Sebagai keturunan suku banjar, rabuk adalah makanan favorit bapak. Maka tak heran, saat tidak bersemangat makan, rabuk adalah lauk yang dicari. Bahan-bahan yang digunakan sangat sederhana. Hanya saja proses memilah daging ikan dari tulangnya cukup merepotkan. Makannya singkat, prosesnya yang lama sering membuat ibu malas untuk membuatnya. Ditambah lagi, ikan yang memiliki kandungan purin membuat asam urat bapak mudah kambuh. Jadi kalau tidak sangat-sangat menginginkan rabuk, ibu tidak mau memasak rabuk untuk bapak.
Nah, adik ipar yang kelahiran Samarinda ternyata sangat familiar dengan rabuk. Boleh jadi karena warga Samarinda memang kebanyakan keturunan dari suku banjar. Meski adik ipar keturunan suku Jawa, lahir, besar dan memiliki banyak teman dari suku Banjar membuatnya lihai membuat rabuk.
Awalnya ia hanya iseng-iseng membuat rabuk. Lantaran saat ke pasar ia menemukan ikan layang yang sangat segar. Sedikit kalap, ia membeli banyak ikan layang tersebut. Sesampainya di rumah, barulah ia menyadari kalau hanya di goreng atau dimasak dengan santan akan membosankan. Iapun mencoba-coba membuat rabuk dari ikan layang tersebut. Kenapa coba-coba?

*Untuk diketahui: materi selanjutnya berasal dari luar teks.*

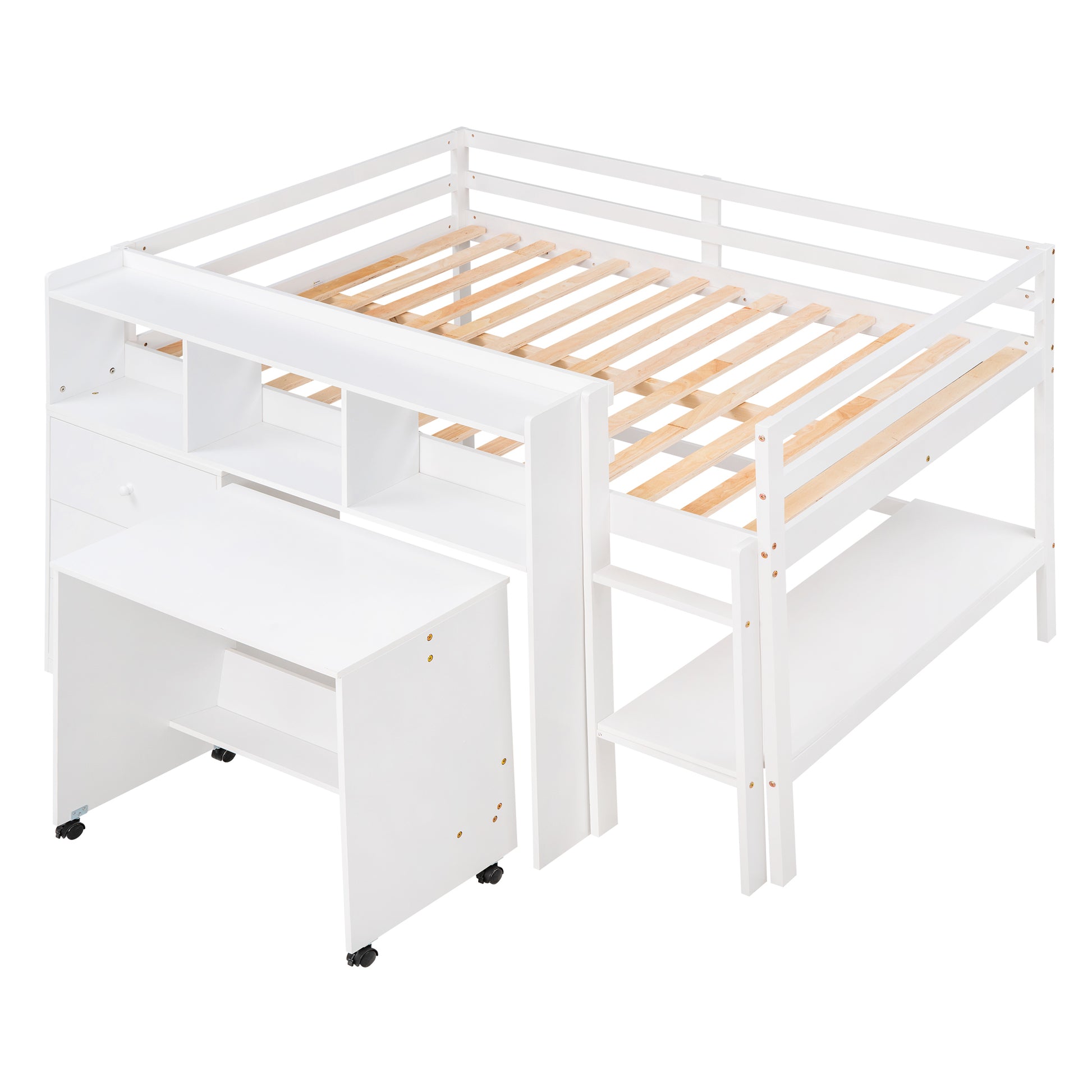 Full Size Low Loft Bed With Rolling Portable Desk, Drawers And Shelves, White Old Sku: Gx000711Aak Box Spring Not Required Full White Wood Bedroom Pine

Karena biasanya rabuk dibuat dengan ikan tongkol atau ikan haruan. Karena membuat cukup banyak, ia pun membagikan ke tetangga dan teman-temannya. Ternyata banyak yang menyukai ikan rabuk buatannya. Yang tadinya hanya sekadar pedas, ia tambahkan lagi rawitnya. Jadilah ikan rabuk yang nikmat itu semakin diminati karena rasa pedas yang nagih.
Tidak mau ikan rabuknya cepat basi atau berjamur, adik ipar memasaknya sampai benar-benar kering. Proses memasaknya ini bisa sampai memakan waktu 5 jam. Jika lebih dari 5 kilogram daging ikan layang, maka waktunya juga makin lama.
Makanya adik ipar selalu membuat rabuk ikan hanya berdasarkan pesanan saja. Saat di pasar tidak ditemukan ikan layang yang segar, ia pun lebih memilih untuk membatalkan atau menunda pembuatan rabuk sampai menemukan ikan layang yang segar.
Sebagai penggemar rabuk, akupun selalu menjadikan rabuk menu penolong saat nafsu makan menurun. Bukan hanya aku, tapi juga keponakan-keponakanku. Makanya saat ada stok rabuk di rumah, mereka lebih memilih makan nasi hangat dengan rabuk ikan. Bahkan tidak sedikit testimoni dari pelanggan, yang menjadikan rabuk ikan sebagai bekal untuk travelling.
Satu cup rabuk ikan hanya dijual seharga Rp 25.000, dengan berat 250 gram. Dan alhamdulillah saat ini izin produksi rabuk ikan ini sudah memiliki logo Halal.